Non è questa la sede per approfondire la portata di questa aberrazione moderna, ma certo è che Bergoglio dimostra di non conoscere la differenza tra “autoritario” e “autorevole”, cioè tra arbitrio e autorità, molto probabilmente perché semplicemente disconosce il concetto di autorità e l’autorità stessa. Prova ne sia il rimedio da lui proposto: la consultazione permanente, la subordinazione dell’esercizio dell’autorità alla collegialità, al ricorso a continue riunioni di questi e di quelli che, dietro il paravento della consultazione, sono gli unici che finiscono col decidere e comandare: l’autorità soppiantata dalla mancanza di autorità; la responsabilità soppiantata dalla irresponsabilità, sotto la copertura della consultazione permanente. Cosa dice infatti Bergoglio? “La Consulta degli otto cardinali, questo gruppo consultivo outsider, non è una decisione solamente mia, ma è frutto della volontà dei cardinali, così come è stata espressa nelle Congregazioni Generali prima del Conclave.
Che significa? Che lui ha deciso di inventare una sorta di “consiglio della corona”, seppure non faccia né vuole fare il re, ma trattandosi di una decisione frutto della volontà di altri, in realtà lui è solo parzialmente responsabile o, diciamo noi, irresponsabile.
Per cinquant’anni si è fatto notare come il Vaticano II abbia portato alla desistenza dell’autorità, oggi il cerchio si chiude: Bergoglio dichiara apertamente, e in qualche modo ufficialmente, che non si desiste più, semplicemente si rinuncia all’autorità. Poco importa che l’autorità del Pontefice e della Chiesa venga direttamente da Dio.
Se ci fosse almeno un po’ di buon senso si riconoscerebbe che qualunque “capo responsabile”, massimamente il Papa, è da sempre che esercita la sua funzione “consultando” tutti quelli che ritiene necessario, senza bisogno di Vaticani secondi, di sinodi più o meno permanenti, di consulte cardinalizie e di consigli presbiterali, assumendosi in pieno la sua responsabilità e assolvendo seriamente al suo dovere di stato.
È un caso che già da ben prima del Vaticano II, la vecchia saggezza popolare ricordava il proverbio: “Tutti i consigli, prendili, ma il tuo non lo lasciare”… oh, bei tempi andati, quando non era ancora scoppiato il cancro della democrazia!

Sentire con la Chiesa

provo a capire che cosa significhi esattamente per Papa Francesco il «sentire con la Chiesa» di cui scrive sant’Ignazio nei suoi Esercizi Spirituali.
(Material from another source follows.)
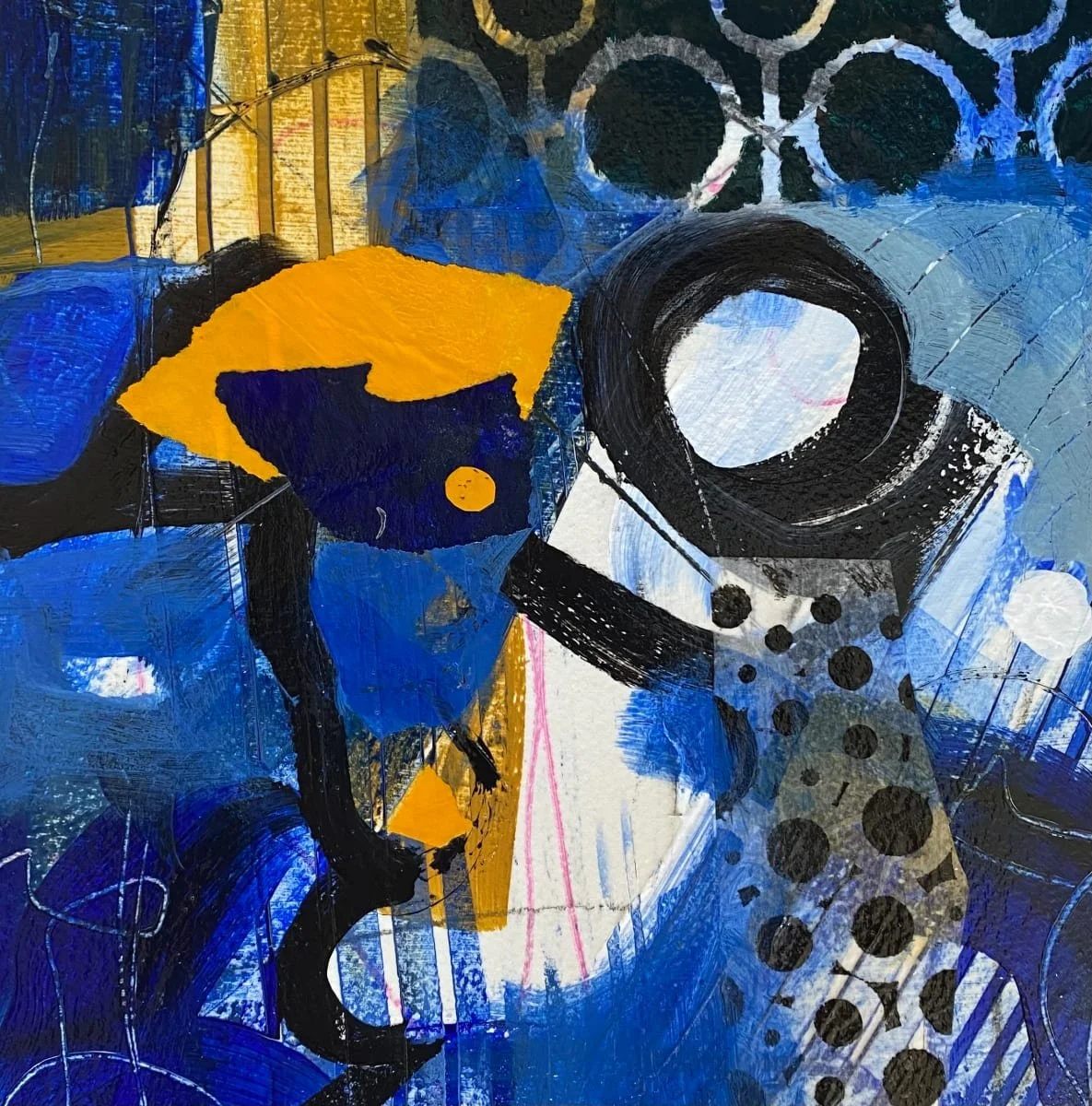 What Do You Know? 9"x 9" Acrylic on Paper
«L’immagine della Chiesa che mi piace è quella del santo popolo fedele di Dio. È la definizione che uso spesso, ed è poi quella della Lumen gentium al numero 12. L’appartenenza a un popolo ha un forte valore teologico: Dio nella storia della salvezza ha salvato un popolo. … Il popolo è soggetto. E la Chiesa è il popolo di Dio in cammino nella storia, con gioie e dolori. Sentire cum Ecclesia dunque per me è essere in questo popolo. E l’insieme dei fedeli è infallibile nel credere, e manifesta questa sua infallibilitas in credendo mediante il senso soprannaturale della fede di tutto il popolo che cammina. … Non bisogna dunque neanche pensare che la comprensione del “sentire con la Chiesa” sia legata solamente al sentire con la sua parte gerarchica. … ovviamente, bisogna star bene attenti a non pensare che questa infallibilitas di tutti i fedeli di cui sto parlando alla luce del Concilio sia una forma di populismo. No: è l’esperienza della “santa madre Chiesa gerarchica”, come la chiamava sant’Ignazio, della Chiesa come popolo di Dio, pastori e popolo insieme. La Chiesa è la totalità del popolo di Dio.»
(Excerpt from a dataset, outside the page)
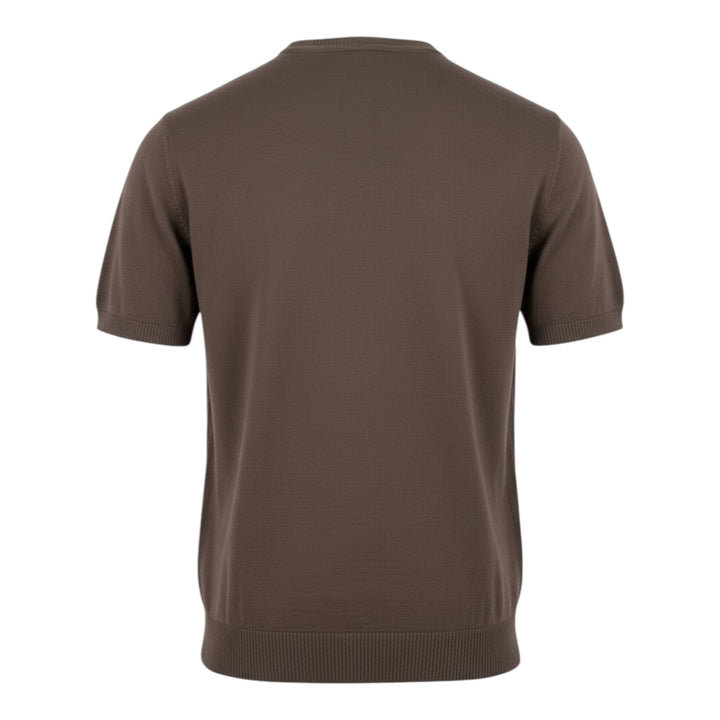 Combed Cotton Short Sleeve Crewneck Mocha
Questo passo, con i suoi elementi controversi, può leggersi bene solo alla luce dell’ultima frase, dallo stesso intervistatore introdotta con “il Papa, dopo un momento di pausa, precisa in maniera secca, per evitare fraintendimenti: ovviamente, bisogna star bene attenti…”.
Ora, il sospetto che quanto da lui appena detto possa generare dei fraintendimenti, fa onore a Bergoglio, in quanto rivela che egli stesso si rende conto che ciò che pensa è controverso… ma allora, perché lo pensa e… lo dice anche?

E cosa c’è di controverso nelle sue parole?
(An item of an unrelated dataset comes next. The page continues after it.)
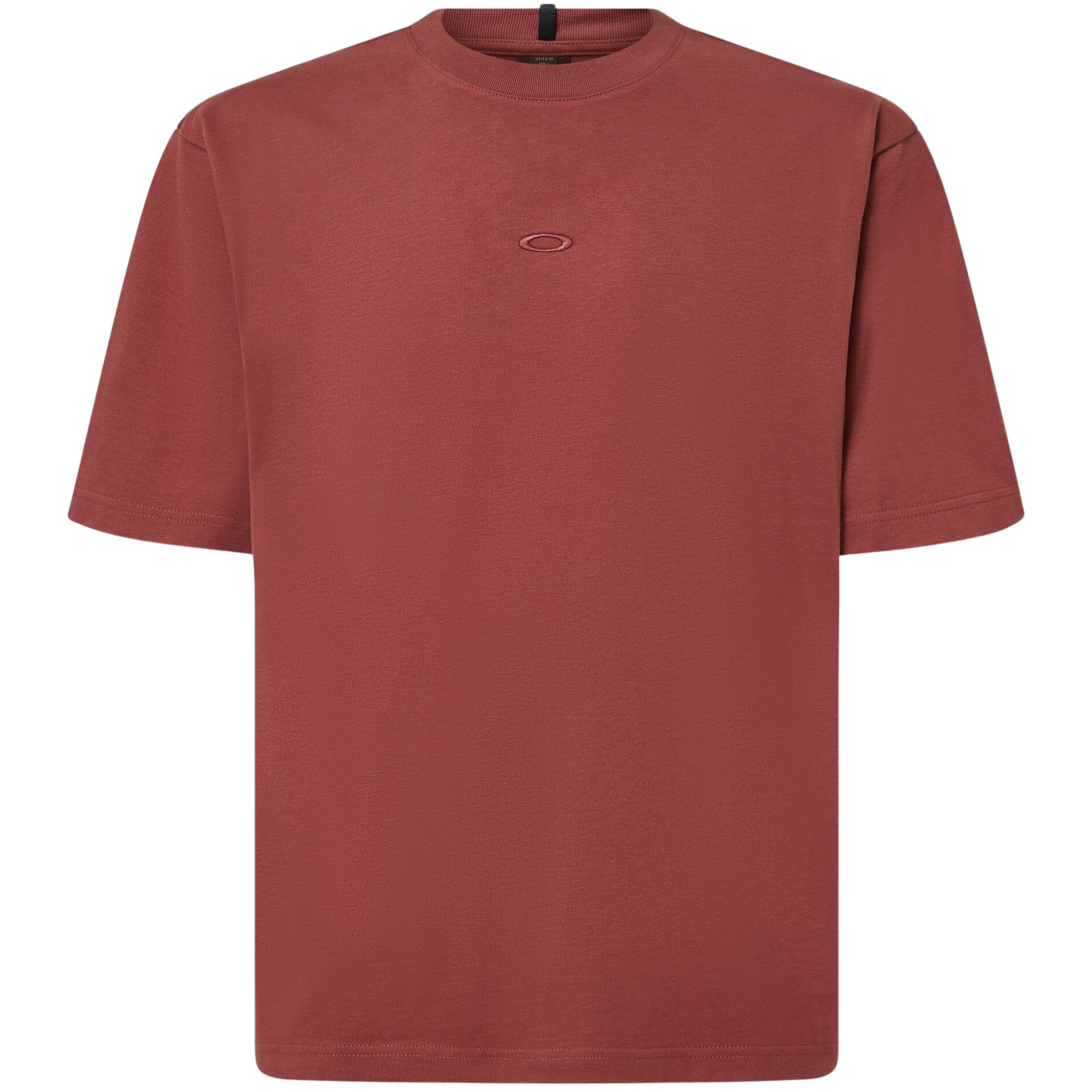 Oakley Futurescape Fossil Herren T-Shirts rot Größe S Lifestyle Hautfreundlich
Intanto il famoso “popolo di Dio”. “Dio nella storia della salvezza ha salvato un popolo. … Il popolo è soggetto”. Qui, anche dal semplice punto di vista grammaticale, il popolo è l’oggetto, non il soggetto… il soggetto è Dio.
Questo capovolgimento è davvero rivelatore, tanto che, se sommato al fatto che Dio non ha salvato un popolo già definito, ma ha costituito un popolo con gli uomini diversi che hanno creduto in Lui - basta leggere seriamente l’Esodo - ci si rende conto che il Vaticano II ha voluto trasformare i credenti in Dio in una entità autonoma che ha la sua giustificazione in se stessa e solo dopo è “di Dio”; fino al punto da mutarla in soggetto che da sé “è infallibile nel credere”, come dice qui Bergoglio e come già diceva Ratzinger: “Dall'altra parte c'è l'’ermeneutica della riforma’, del rinnovamento nella continuità dell'unico soggetto-Chiesa, che il Signore ci ha donato; è un soggetto che cresce nel tempo e si sviluppa, rimanendo però sempre lo stesso, unico soggetto del Popolo di Dio in cammino”.
Questo pallino del “popolo di Dio” che sarebbe “infallibile nel credere” e che nel tempo si sviluppa e con sé sviluppa anche la comprensione dell’insegnamento di Dio, è il risultato dell’intima convinzione che, al pari il popolo, anche la dottrina cattolica e quindi l’insegnamento di Dio e quindi Dio stesso sarebbero in evoluzione… salvo ovviamente rimanere allibiti ove si pensi che questa nuova dea “evoluzione” è quella stessa che per sua natura porta l’esistente dalla nascita allo sviluppo e quindi alla morte. Solo una radicata concezione moderna, intrisa e compiaciuta dell’allontanamento progressivo da Dio, poteva concepire una tale evoluzione “mortale” dell’insegnamento di Dio, come ha fatto il Vaticano II, il Magistero dopo di esso, ieri Ratzinger e oggi Bergoglio.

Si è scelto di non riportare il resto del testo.